Exercise aim:
Lines with "Chrome": pull these out of the listing below.

"""

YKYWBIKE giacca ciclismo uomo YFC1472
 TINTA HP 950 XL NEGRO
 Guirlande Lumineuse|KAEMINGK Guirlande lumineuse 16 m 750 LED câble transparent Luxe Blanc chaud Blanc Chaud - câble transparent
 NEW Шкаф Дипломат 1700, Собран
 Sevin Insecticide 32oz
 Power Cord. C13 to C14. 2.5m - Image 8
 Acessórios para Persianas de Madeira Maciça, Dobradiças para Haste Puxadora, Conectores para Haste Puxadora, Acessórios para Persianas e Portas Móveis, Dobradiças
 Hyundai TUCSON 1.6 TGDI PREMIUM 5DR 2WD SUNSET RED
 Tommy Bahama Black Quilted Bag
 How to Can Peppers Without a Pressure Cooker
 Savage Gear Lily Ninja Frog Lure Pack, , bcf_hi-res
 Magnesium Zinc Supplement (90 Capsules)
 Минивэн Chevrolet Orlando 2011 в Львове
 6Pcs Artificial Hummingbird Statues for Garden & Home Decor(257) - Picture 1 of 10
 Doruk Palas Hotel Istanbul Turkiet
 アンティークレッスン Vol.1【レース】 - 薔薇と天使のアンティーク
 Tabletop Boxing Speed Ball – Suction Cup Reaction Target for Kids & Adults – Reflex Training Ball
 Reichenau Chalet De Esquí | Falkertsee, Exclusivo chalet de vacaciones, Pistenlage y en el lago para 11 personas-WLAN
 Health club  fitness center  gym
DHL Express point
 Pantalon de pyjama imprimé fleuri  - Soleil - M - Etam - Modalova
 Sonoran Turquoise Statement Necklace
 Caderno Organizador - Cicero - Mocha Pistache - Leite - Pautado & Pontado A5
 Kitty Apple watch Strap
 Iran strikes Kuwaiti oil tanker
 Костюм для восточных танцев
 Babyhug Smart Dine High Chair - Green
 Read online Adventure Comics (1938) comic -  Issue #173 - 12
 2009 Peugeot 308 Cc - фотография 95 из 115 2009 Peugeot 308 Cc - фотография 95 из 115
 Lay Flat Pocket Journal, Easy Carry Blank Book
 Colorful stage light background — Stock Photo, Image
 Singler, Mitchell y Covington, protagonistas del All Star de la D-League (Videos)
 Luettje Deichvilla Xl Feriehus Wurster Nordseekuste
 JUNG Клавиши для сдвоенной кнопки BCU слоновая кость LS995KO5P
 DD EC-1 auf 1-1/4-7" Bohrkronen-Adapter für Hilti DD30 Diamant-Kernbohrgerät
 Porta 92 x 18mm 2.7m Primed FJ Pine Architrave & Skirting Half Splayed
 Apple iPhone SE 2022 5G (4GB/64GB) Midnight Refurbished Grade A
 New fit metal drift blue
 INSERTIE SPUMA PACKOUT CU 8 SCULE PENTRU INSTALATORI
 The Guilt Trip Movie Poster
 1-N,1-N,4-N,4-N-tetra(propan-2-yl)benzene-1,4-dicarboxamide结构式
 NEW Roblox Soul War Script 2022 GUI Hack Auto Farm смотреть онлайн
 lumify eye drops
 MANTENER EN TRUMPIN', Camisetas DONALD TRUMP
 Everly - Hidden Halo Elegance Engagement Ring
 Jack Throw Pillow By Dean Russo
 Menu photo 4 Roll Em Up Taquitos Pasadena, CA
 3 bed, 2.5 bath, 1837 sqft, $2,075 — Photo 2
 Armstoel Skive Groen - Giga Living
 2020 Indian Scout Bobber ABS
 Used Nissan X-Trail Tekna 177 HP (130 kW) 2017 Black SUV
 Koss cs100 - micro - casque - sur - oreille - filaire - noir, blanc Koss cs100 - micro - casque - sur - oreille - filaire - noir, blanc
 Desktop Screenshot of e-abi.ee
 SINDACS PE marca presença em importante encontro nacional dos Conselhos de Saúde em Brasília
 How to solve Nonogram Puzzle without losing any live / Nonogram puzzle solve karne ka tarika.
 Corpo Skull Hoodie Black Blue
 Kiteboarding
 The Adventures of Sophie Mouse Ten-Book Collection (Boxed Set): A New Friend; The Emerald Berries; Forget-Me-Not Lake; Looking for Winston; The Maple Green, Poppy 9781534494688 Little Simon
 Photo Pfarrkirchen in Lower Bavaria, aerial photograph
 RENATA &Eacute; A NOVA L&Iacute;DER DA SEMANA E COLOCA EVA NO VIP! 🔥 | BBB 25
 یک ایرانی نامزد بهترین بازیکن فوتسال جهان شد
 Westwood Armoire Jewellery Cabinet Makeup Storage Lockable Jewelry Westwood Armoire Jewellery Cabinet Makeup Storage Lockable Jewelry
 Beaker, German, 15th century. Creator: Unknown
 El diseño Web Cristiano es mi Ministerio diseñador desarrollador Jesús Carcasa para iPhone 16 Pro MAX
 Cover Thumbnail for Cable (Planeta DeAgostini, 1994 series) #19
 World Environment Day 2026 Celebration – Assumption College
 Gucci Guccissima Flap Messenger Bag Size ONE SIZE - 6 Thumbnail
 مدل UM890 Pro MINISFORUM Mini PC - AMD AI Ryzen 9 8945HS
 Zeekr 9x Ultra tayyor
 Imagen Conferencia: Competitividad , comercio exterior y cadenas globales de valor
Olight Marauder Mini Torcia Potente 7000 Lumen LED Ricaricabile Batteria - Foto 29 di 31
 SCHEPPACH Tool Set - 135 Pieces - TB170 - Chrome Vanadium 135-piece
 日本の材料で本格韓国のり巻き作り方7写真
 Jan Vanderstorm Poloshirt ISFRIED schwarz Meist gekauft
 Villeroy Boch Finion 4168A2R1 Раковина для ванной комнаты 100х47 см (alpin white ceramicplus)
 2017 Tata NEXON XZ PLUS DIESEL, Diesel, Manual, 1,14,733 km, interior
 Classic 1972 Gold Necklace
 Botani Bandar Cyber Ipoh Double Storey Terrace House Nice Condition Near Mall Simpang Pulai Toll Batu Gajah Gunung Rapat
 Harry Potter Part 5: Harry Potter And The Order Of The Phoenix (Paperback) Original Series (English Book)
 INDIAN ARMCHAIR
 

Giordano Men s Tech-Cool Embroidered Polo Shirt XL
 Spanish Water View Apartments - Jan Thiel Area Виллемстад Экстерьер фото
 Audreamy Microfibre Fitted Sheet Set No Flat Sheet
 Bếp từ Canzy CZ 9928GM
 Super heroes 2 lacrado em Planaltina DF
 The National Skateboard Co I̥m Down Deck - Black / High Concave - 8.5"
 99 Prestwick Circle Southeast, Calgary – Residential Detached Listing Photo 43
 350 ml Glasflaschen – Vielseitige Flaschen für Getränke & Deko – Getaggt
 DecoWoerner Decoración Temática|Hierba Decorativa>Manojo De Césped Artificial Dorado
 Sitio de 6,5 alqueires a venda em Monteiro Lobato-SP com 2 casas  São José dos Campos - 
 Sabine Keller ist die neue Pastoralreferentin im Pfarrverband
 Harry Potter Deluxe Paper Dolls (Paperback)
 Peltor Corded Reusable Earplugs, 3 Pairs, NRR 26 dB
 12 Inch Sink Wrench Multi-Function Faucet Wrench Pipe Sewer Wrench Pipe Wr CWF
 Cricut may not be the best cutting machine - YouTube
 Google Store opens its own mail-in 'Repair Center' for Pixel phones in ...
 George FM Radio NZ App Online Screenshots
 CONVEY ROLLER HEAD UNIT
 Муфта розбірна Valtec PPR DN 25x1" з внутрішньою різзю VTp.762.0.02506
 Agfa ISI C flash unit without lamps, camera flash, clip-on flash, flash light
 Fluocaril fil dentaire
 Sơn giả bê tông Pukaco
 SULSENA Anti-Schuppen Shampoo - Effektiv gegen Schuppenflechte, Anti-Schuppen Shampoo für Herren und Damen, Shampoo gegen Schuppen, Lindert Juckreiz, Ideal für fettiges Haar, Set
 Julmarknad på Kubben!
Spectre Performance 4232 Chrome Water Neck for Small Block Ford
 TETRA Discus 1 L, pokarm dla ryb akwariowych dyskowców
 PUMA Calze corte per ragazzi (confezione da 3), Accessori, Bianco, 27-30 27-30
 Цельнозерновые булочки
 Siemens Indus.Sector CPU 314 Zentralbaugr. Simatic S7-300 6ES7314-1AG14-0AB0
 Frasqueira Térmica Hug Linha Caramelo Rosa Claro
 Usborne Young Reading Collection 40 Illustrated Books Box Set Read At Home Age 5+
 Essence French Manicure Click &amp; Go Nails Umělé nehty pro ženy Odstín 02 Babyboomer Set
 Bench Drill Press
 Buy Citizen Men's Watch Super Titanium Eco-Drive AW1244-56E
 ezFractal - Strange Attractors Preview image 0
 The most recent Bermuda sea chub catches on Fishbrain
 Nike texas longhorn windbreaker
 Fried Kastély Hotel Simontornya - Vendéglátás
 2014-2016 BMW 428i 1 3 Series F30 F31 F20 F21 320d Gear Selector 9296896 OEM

"""

Exercise output:
 SCHEPPACH Tool Set - 135 Pieces - TB170 - Chrome Vanadium 135-piece
Spectre Performance 4232 Chrome Water Neck for Small Block Ford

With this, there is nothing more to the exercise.